I have been enjoying a lot of soups lately and I just had to share this recipe for an asiago roasted garlic cauliflower soup. This is a super simple soup where you roast up the cauliflower and a few heads of garlic and make a soup with them along with plenty of melted asiago cheese! Other than the time that it takes to roast up the veggies this soup is easy to make and it requires very little hands on time. While the cauliflower is roasting or while the soup is simmering I like to make a crunchy popped quinoa and chia seed topping by toasting quinoa until it pops (like popcorn), along with panko bread crumbs, sesame seeds and chia seeds! The crunchy topping adds a really nice contrast in texture and I like to add lemon zest and parsley to the mix to brighten things up!

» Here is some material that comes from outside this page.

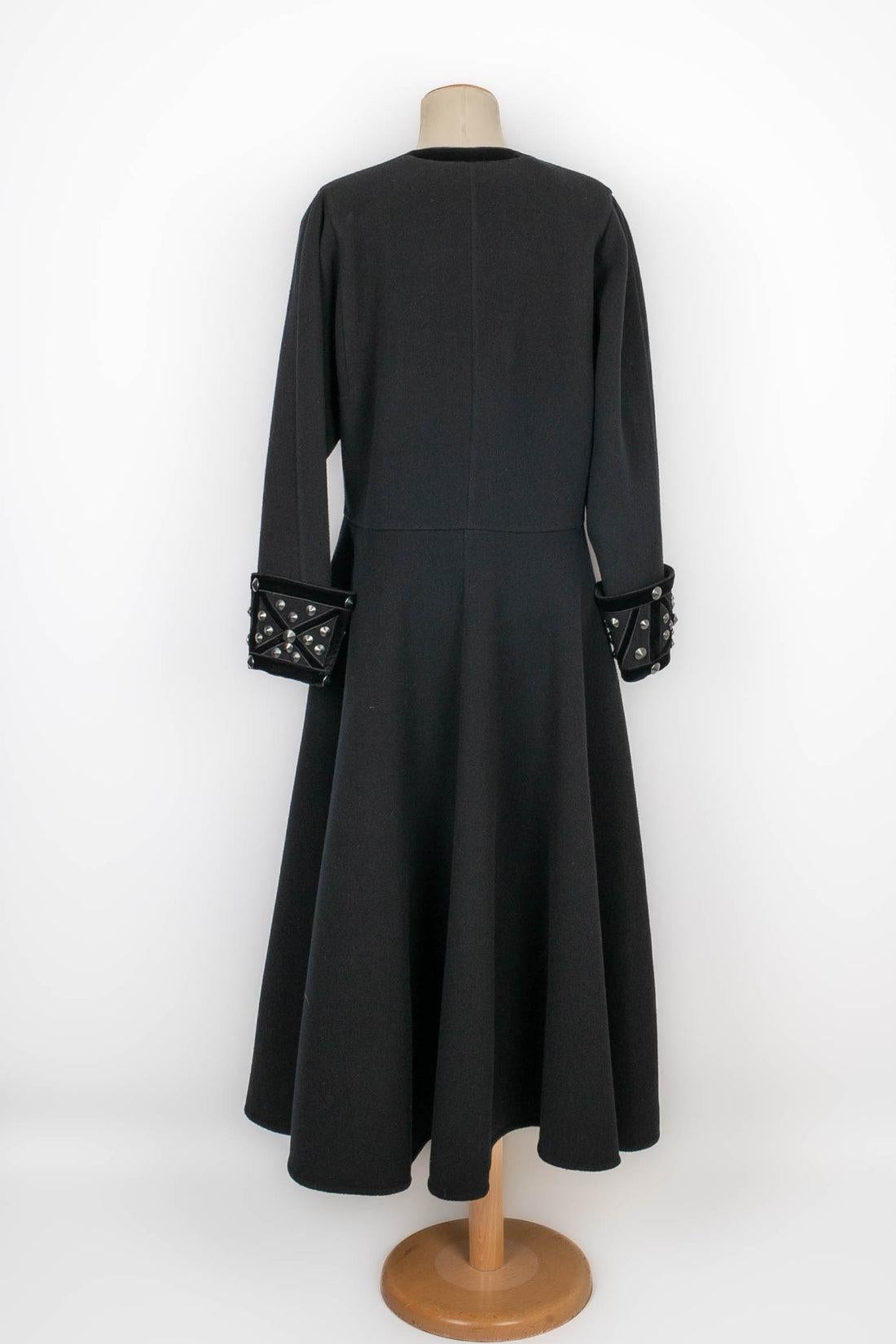 Schwarzer Haute Couture-Stoffmantel aus Wolle von Louis Feraud, 1978/1982 im Zustand „Gut“ im Angebot in SAINT-OUEN-SUR-SEINE, FR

A creamy roasted garlic cauliflower soup with plenty of asiago cheese and a crunchy popped quinoa and chia seed topping!
  • For the soup:
  • 1 head cauliflower, cut into florets
  • 1 tablespoon oil
  • salt and pepper to taste
  • 2-4 heads garlic
  • 2 teaspoons oil
  • 1 tablespoon oil
  • 1 onion, diced
  • 2 teaspoons thyme, chopped (or 1 teaspoon dried thyme)
  • 4 cups vegetable broth or chicken broth
  • 1 tablespoon white miso paste (optional)

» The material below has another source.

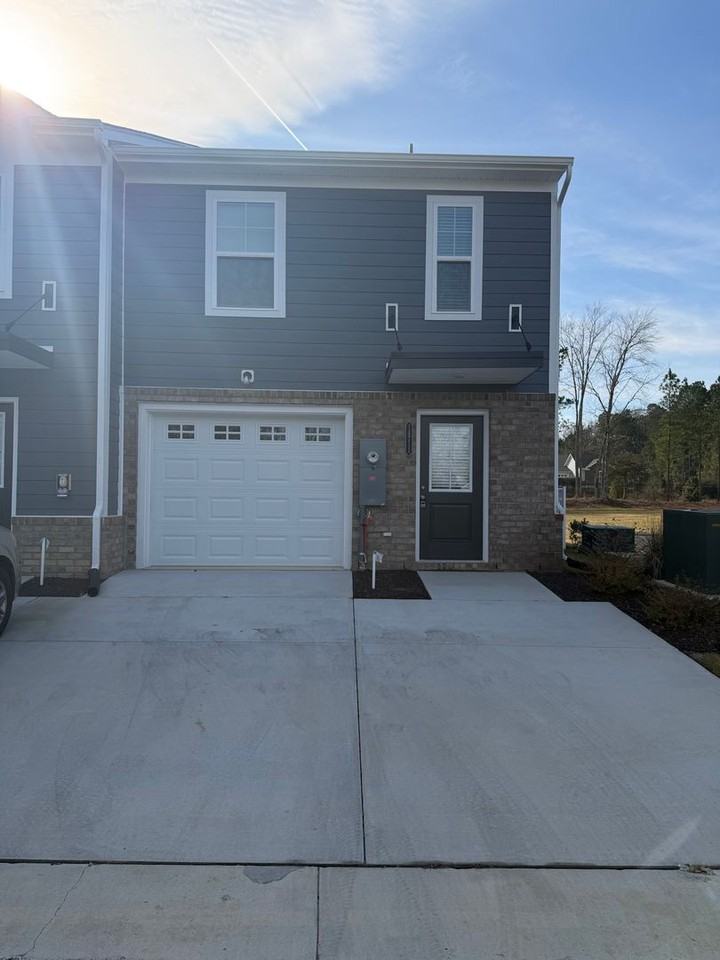 14711 Hancock Crest Way - Photo 3 of 50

  • 1/2 cup asiago, grated
  • 1 tablespoon lemon juice
  • For the crunchy topping:
  • 1 tablespoon quinoa (raw)
  • 2 tablespoons panko breadcrumbs
  • 1/2 tablespoon white sesame seeds
  • 1/2 tablespoon black sesame seeds
  • 1/2 tablespoon chia seeds
  • 1/4 cup asiago, grated
  • salt and pepper to taste
  • 2 teaspoons lemon zest
  • 2 tablespoons parsley, chopped

  1. For the soup:
  2. Toss the cauliflower in the oil, salt and pepper and arrange in a single layer on a baking sheet.
  3. Cut the top 1/4 off the heads of garlic, drizzle the oil on top, wrap in foil and place on the baking sheet along with the cauliflower.
  4. Roast in a preheated 425F/220C oven until the cauliflower is tender and lightly golden brown to a little charred, about 20-30 minutes, mixing the cauliflower half way through.
  5. Heat the oil in a large sauce pan over medium-high heat, add the onion and cook until tender, about 3-5 minutes.
  6. Add the thyme and cook until fragrant, about a minute.
  7. Add the broth, roasted cauliflower and garlic, squeezed from the skins, bring to a boil, reduce the heat and simmer for 10 minutes before pureeing with a stick blender, in a blender or in a food processor.
  8. Mix in the miso and asiago and heat until the cheese melts into the soup, about a minute.
  9. For the crunchy topping:
  10. Heat the quinoa in a pan over medium heat until the quinoa starts popping, and then slows down until there is more than a second between pops, mixing continuously to prevent burning.
  11. Mix in the breadcrumbs, seeds, asiago and toast for a minute or two.
  12. Mix in the lemon zest and parsley before serving as garnish on the soup.